Gelato in Sicily

I’m walking down a shaded cobblestone street in Palermo. It’s only nine o’clock in the morning but the blazing sun is already trying to assert itself in the open spaces between the awnings and balconies. I’ve had a morning espresso and am looking for a little “Sicilian breakfast”. I find a caffe and order a brioche filled with frothy, fragrant peach gelato. It comes on a little square of paper and I continue on my way, eating my breakfast as I go. The streets of old Palermo exude a mysterious air, daring you to satisfy your curiosity and investigate the dead ends and alleyways. I had come to Sicily by boat from Naples a few days ago. It was an overnight trip and upon arriving in the harbor I got the distinct impression that I was now in a place that bore only some resemblance to mainland Italy.

As a chef, of course, I am most interested in the food. I walk through the Vucciria, the open-air food market that snakes through town. I eat at small restaurants, savoring charred sausages, pasta with fried eggplant, breadcrumbs and ricotta salata, and more exotic dishes like black couscous with cuttlefish. The North African influence on the food of Sicily is obvious and intriguing. The pastries are wonderful of course, but the gelato is what I crave, pretty much at any hour of the day. Why does the gelato in Sicily taste so different, I wonder? It’s light, almost foamy, refreshing yet flavorful.

Eventually I end up in Taormina, a beautiful seaside town, bordered on one side by the slopes of Mount Etna. I drink a lot of very cheap but very good wine, eat more terrific food, and of course, continue on my gelato odyssey. I rent an apartment there where I can buy food in the market and cook at home, trying to recreate some of the wonderful dishes I’ve been tasting. The volcanic soil produces amazing fruit and vegetables.

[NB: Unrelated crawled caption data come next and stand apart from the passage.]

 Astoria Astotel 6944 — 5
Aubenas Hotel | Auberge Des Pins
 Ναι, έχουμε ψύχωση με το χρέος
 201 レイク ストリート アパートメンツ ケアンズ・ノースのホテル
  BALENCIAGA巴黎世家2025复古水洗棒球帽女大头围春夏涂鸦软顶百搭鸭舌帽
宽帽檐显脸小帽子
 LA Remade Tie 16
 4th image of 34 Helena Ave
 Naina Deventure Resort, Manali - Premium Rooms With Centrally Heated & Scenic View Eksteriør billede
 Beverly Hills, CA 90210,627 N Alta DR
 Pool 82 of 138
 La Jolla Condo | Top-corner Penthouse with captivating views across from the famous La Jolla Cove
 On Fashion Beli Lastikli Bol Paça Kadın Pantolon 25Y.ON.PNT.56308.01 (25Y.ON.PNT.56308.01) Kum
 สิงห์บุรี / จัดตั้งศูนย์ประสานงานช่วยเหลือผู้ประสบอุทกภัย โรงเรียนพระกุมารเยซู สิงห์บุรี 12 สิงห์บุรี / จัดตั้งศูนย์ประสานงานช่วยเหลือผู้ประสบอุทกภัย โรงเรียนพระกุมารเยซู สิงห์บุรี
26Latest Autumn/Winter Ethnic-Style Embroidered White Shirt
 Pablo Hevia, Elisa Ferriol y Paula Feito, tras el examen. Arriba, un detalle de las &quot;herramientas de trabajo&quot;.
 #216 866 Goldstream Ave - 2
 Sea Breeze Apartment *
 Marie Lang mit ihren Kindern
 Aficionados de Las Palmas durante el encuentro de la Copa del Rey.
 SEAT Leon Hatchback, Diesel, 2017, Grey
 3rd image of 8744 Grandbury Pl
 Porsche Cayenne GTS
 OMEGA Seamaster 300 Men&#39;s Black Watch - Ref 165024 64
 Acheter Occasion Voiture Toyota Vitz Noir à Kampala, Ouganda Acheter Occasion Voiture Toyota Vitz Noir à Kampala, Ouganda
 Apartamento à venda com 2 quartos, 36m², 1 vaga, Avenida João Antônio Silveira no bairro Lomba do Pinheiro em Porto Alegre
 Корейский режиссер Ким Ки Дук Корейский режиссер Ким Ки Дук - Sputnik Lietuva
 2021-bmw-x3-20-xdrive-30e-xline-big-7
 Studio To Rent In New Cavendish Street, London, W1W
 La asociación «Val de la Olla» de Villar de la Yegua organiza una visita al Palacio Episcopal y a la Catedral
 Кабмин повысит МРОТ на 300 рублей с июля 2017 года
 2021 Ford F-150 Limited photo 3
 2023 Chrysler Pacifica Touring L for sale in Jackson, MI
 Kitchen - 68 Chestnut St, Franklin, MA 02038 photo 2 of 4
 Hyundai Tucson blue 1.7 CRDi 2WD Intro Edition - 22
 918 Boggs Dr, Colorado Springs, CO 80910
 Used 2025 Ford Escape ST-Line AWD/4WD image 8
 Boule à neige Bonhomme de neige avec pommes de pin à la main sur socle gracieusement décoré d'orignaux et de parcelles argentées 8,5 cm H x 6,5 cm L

When I get home, I work on a base recipe for vanilla gelato, Sicilian style. As in most things that are deceptively simple, it takes some work and experimentation to get it right. The resulting recipe, which is very easy to make (and therefor great to make at home if you happen to have an ice cream or gelato machine) is not custard-based like French ice cream, and has a much lower cream content than American ice cream. That absence of fat allows more flavor to come through, and also makes it easier to eat and digest.  In any case, I’ve been making Sicilian-style gelato for a quite a while, and it is, of course, a staple of ours at L’Arte della Pasticceria.

We pay close attention to temperatures- after the gelato base is made, we process it in our beautiful Milanese gelato machine. It then goes into a freezer set at 0 degrees F. to set for a few hours, after which it goes right into our gelato display case, set at 10 degrees F., and it’s served to our customers from there. By never allowing the gelato to deep-freeze, we keep the texture consistent and avoid iciness.

Making gelato at home is fun and pretty much worry-free. You can make your gelato base, chill it, then let it process in your home ice cream machine while you are eating dinner, if you like. When it’s ready, you can eat it immediately or spoon it into a container and let it set up in the freezer for an hour or so, then enjoy!

I like to eat my vanilla gelato either sandwiched in a fresh brioche or with a generous spoonful of amarena cherries in syrup (or both).

Note: Amarena cherries are small flavorful dark cherries, grown in Italy, that are preserved in syrup and sold in jars. They are available at specialty food stores and on-line.

Gelato Post 2
Vanilla Gelato with Amarena Cherries in Syrup

 Vanilla Gelato

 2 cups milk
1 tablespoon cornstarch
½ cup heavy cream (I use fresh heavy cream from a local dairy)
2/3 cup sugar
1 vanilla bean
¼ teaspoon salt
1 teaspoon vanilla extract

  • Combine the cornstarch with 2 tablespoons of the milk in a small bowl, whisking to dissolve the cornstarch. Set aside.
  • Put the remaining milk, cream, sugar, and salt into a medium saucepan. Split the vanilla bean and scrape the seeds into the milk, then add the scraped bean to the milk as well. Put the pot on a medium flame and bring slowly to a simmer.
  • When the mixture starts to simmer, whisk in the cornstarch mixture. Continue whisking until the mixture comes back to a boil and starts to thicken. Cook, whisking, for 1 minute.
  • Strain the mixture into a bowl, then put the bowl into a larger bowl filled halfway with ice. Add cold water to make an ice bath.
  • When the gelato base is cool, process it in a gelato or ice cream maker according to the manufacturer’s instructions. Fill a container with the gelato and put in the freezer. The gelato is best eaten about an hour or so after resting in the freezer.